Montreal, Canada – TVA Group Inc. (“TVA Group” or the “Corporation”) announced today that it recorded net income attributable to shareholders in the amount of $9.2 million or $0.21 per share in the fourth quarter of 2017, compared with net income attributable to shareholders of $5.7 million or $0.13 per share in the same quarter of 2016.
Fourth quarter operating highlights:
- Consolidated adjusted operating income of $22,968,000, a favourable variance of $984,000 (4.5%) from the same quarter of 2016.
- $16,232,000 adjusted operating income1 in the Broadcasting & Production segment, an unfavourable variance of $1,213,000 mainly because of a 9.5% decrease in the adjusted operating income1 of TVA Network.
- $2,482,000 adjusted operating income1 in the Magazines segment, a favourable variance of $343,000 (16.0%) mainly because of the implementation of rationalization plans in recent quarters and the discontinuation of some titles in 2016, partially offset by a decrease in operating revenues.
- $4,254,000 adjusted operating income1 in the Film Production & Audiovisual Services segment (“MELS”), a favourable variance of $1,854,000 essentially because of an increase in adjusted operating income1 from soundstage and equipment rental and a decrease in the adjusted operating loss1 of visual effects, partially offset by lower adjusted operating income1 from postproduction.

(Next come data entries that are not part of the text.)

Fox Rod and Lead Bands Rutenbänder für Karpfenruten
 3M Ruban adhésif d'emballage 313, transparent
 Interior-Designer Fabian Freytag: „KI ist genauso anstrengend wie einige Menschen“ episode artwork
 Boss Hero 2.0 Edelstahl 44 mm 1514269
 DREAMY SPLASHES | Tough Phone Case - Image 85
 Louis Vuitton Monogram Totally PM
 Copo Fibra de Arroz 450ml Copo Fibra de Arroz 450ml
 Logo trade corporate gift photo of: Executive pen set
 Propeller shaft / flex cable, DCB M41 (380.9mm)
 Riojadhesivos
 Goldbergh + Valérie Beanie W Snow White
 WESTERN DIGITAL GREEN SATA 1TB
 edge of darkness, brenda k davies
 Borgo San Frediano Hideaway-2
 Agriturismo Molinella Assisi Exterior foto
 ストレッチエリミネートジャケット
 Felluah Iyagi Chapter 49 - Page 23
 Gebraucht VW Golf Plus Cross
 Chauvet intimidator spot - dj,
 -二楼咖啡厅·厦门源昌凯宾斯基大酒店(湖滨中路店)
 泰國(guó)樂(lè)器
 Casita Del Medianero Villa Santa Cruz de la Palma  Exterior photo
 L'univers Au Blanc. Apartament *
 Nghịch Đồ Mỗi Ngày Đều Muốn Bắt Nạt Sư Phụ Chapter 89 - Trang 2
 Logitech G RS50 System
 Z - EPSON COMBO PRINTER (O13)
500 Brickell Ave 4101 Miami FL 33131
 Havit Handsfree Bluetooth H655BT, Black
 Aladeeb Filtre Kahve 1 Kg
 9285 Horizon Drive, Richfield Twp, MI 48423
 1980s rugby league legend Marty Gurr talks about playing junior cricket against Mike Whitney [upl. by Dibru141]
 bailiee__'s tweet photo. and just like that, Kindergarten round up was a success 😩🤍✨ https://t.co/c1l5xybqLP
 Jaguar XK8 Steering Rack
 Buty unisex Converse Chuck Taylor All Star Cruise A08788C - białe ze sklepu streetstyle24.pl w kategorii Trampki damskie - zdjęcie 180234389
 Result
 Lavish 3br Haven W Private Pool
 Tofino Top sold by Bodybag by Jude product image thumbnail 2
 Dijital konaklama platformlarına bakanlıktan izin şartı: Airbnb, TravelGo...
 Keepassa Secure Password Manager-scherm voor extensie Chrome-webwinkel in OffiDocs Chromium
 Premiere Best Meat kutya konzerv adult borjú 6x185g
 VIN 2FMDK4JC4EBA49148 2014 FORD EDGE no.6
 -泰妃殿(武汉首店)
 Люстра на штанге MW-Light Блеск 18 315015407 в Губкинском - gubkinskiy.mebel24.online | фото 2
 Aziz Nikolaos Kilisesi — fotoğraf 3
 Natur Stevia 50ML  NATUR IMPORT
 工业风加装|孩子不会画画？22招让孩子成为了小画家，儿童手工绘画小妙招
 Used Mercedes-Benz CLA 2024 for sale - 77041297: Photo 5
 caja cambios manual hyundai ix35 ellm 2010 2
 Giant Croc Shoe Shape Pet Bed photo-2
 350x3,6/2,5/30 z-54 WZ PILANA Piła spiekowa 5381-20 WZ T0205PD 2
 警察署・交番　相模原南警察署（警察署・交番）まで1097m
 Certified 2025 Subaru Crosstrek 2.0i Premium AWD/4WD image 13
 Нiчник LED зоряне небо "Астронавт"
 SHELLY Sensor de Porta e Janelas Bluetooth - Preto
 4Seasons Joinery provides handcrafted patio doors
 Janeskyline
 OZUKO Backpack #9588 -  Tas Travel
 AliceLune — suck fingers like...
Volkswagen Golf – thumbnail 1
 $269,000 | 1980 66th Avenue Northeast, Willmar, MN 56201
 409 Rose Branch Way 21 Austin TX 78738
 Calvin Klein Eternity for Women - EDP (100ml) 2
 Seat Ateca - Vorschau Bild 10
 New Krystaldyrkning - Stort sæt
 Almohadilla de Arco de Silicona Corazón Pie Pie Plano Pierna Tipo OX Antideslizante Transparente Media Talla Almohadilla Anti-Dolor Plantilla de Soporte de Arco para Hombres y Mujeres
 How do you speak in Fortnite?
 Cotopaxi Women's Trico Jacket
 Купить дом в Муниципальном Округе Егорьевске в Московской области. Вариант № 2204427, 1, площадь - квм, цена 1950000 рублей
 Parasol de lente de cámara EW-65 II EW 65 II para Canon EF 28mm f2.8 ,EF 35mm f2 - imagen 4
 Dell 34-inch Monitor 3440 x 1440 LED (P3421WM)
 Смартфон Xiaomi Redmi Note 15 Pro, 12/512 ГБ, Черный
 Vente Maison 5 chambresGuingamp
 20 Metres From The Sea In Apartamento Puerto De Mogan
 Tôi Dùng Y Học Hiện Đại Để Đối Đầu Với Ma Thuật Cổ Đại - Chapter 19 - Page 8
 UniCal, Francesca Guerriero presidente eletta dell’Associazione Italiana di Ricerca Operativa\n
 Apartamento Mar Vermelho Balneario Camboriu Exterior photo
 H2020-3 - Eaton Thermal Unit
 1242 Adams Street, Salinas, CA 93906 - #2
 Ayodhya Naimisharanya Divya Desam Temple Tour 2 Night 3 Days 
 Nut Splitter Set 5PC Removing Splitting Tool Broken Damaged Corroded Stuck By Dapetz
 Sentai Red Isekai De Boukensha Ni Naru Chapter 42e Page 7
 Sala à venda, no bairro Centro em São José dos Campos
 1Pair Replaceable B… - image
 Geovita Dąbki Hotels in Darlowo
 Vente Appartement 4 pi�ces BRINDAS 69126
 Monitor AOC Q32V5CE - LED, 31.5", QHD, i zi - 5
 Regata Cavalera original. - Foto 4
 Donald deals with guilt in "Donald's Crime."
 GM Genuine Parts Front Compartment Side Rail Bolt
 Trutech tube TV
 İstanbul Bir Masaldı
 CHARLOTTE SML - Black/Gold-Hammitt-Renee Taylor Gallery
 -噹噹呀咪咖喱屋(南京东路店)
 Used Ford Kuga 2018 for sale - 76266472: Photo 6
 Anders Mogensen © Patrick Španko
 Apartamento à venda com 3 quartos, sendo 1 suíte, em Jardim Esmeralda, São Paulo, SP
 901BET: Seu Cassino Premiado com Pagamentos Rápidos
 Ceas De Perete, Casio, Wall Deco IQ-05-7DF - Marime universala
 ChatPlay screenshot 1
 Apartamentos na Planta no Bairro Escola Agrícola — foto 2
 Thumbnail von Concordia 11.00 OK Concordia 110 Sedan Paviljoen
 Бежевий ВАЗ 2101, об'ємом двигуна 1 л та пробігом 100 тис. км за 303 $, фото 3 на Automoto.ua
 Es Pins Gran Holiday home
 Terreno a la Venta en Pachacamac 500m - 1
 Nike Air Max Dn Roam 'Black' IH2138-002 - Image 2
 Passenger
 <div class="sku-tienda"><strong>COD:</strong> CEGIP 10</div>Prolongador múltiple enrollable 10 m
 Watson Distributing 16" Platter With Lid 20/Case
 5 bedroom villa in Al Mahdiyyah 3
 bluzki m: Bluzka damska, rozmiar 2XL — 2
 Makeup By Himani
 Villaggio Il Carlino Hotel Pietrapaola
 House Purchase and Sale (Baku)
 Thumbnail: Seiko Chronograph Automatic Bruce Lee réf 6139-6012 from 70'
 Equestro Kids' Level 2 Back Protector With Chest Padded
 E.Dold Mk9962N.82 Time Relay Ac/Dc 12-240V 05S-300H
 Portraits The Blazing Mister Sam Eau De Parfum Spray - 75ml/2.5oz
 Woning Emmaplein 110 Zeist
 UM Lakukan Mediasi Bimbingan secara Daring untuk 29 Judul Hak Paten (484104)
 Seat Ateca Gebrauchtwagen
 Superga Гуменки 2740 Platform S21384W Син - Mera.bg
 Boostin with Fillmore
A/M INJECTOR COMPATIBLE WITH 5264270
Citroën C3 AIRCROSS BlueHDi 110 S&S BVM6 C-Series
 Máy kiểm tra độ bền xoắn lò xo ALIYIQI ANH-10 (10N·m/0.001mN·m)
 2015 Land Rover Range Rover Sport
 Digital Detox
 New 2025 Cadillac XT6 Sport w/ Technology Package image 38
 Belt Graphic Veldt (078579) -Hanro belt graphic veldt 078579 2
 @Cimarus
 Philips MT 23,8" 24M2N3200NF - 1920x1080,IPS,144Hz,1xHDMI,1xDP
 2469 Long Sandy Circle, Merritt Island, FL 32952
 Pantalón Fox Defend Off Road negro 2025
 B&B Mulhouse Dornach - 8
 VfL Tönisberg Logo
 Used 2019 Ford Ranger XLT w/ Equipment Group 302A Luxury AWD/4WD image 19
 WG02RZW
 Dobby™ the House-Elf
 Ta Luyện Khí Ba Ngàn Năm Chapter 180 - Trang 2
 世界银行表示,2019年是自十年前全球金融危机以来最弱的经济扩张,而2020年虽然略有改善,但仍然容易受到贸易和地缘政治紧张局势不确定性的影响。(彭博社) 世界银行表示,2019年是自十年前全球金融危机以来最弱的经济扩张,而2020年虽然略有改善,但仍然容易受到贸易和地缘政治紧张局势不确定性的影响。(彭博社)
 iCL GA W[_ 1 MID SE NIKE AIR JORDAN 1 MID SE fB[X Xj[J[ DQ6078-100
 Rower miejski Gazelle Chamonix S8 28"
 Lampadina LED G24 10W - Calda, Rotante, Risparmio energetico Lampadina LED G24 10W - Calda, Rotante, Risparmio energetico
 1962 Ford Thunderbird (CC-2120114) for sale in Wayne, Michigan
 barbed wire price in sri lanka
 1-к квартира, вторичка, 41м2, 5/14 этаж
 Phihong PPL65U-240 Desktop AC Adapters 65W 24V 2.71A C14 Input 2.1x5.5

“We are satisfied with our results for the last quarter of our financial year. The Broadcasting & Production segment was impacted by a negative adjustment to the revenues of the Corporation’s specialty channels, notably an adjustment made following the CRTC decision on the rate payable by Bell for distribution of the “TVA Sports” channel. Nevertheless, our specialty channels’ advertising revenues continued to grow, increasing by 9.8% compared with the same quarter of 2016. TVA Group’s total market share rose 0.9 point to 36.4% in the fourth quarter of 2017, compared with 35.5% in the same period of 2016. TVA Network had a 24.3% market share and 7 shows that attracted more than a million viewers, including the grand finale of La Voix Junior which peaked at 2,476,000 viewers,” commented France Lauzière, President and CEO of the Corporation.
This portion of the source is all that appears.